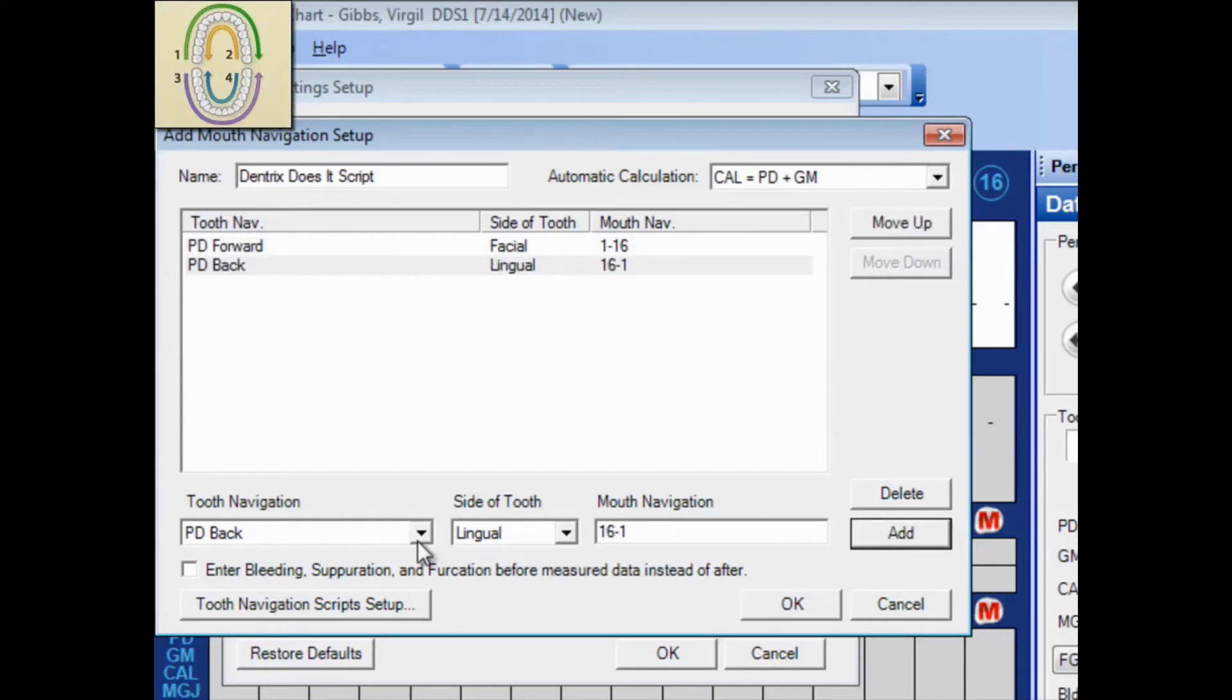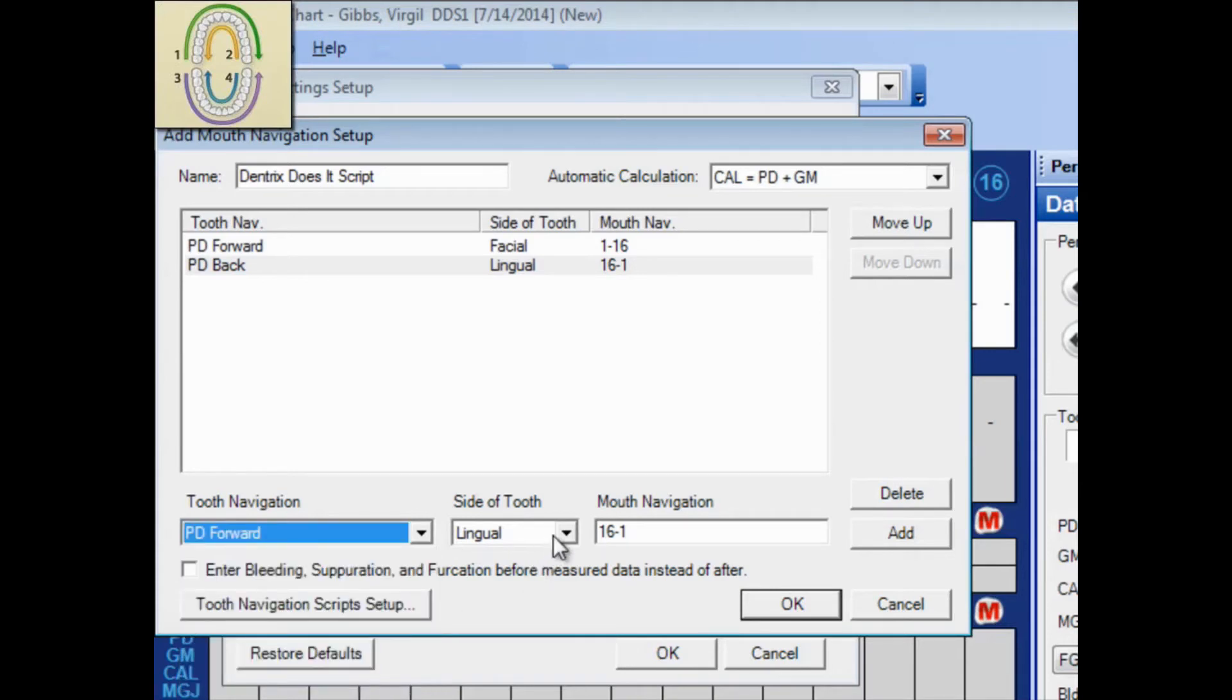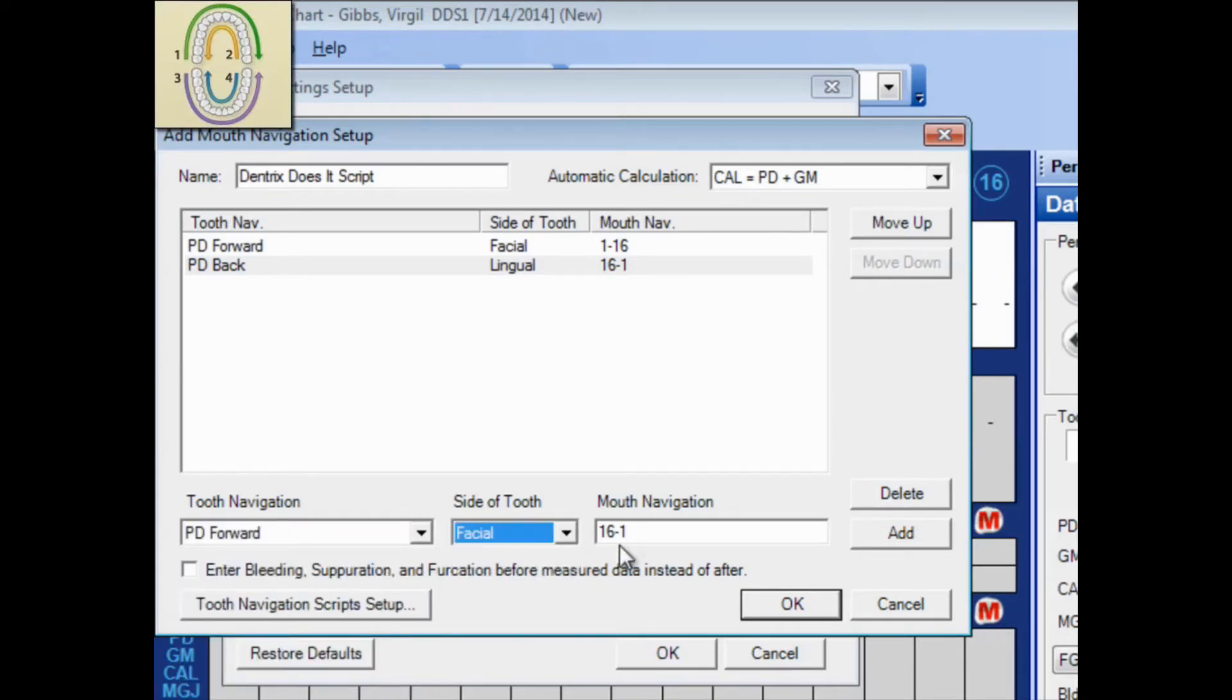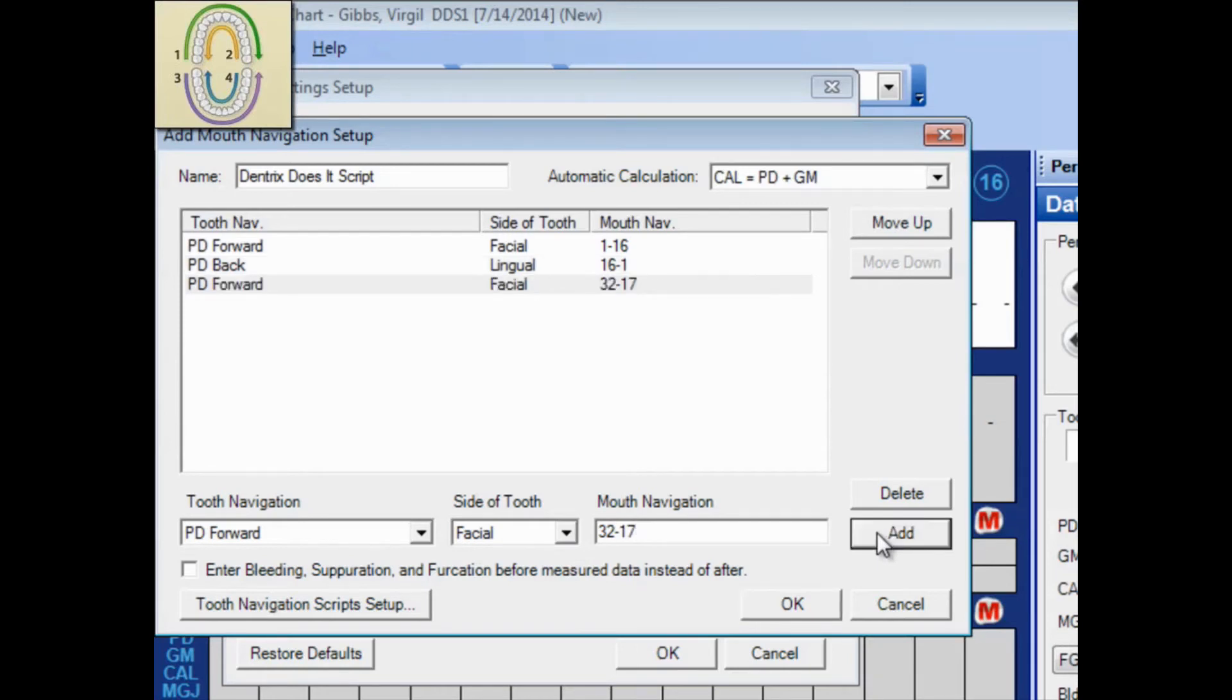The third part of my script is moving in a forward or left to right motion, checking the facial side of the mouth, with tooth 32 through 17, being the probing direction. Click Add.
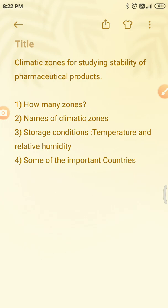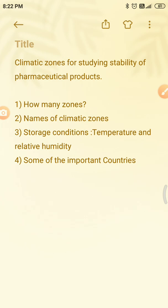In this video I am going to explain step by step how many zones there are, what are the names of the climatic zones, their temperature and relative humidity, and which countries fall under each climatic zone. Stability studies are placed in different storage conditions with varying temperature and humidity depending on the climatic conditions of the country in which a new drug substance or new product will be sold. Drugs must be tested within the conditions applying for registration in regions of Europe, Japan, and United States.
--
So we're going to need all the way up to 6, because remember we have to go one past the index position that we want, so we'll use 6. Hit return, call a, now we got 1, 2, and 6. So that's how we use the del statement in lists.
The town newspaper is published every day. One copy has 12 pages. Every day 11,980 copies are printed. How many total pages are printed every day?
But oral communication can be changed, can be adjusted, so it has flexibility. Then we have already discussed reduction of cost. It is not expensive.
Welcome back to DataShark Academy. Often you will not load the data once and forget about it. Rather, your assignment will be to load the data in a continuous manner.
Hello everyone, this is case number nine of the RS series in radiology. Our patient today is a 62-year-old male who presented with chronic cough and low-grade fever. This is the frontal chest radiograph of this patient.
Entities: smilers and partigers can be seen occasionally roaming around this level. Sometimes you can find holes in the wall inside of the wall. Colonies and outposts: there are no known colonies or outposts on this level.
--
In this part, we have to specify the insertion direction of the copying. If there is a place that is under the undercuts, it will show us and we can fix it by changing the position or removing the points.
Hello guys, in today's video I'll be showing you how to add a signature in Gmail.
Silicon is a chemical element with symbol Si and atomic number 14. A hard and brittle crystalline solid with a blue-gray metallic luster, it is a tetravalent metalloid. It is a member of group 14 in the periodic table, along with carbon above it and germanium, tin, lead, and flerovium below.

### WORK ITEM
All that should be printed is the run of lines above from the one with "The third part" through the one with "In this video", both included, exactly as given, with pictures left out.

### FINISHED EXERCISE
The third part of my script is moving in a forward or left to right motion, checking the facial side of the mouth, with tooth 32 through 17, being the probing direction. Click Add.
In this video I am going to explain step by step how many zones there are, what are the names of the climatic zones, their temperature and relative humidity, and which countries fall under each climatic zone. Stability studies are placed in different storage conditions with varying temperature and humidity depending on the climatic conditions of the country in which a new drug substance or new product will be sold. Drugs must be tested within the conditions applying for registration in regions of Europe, Japan, and United States.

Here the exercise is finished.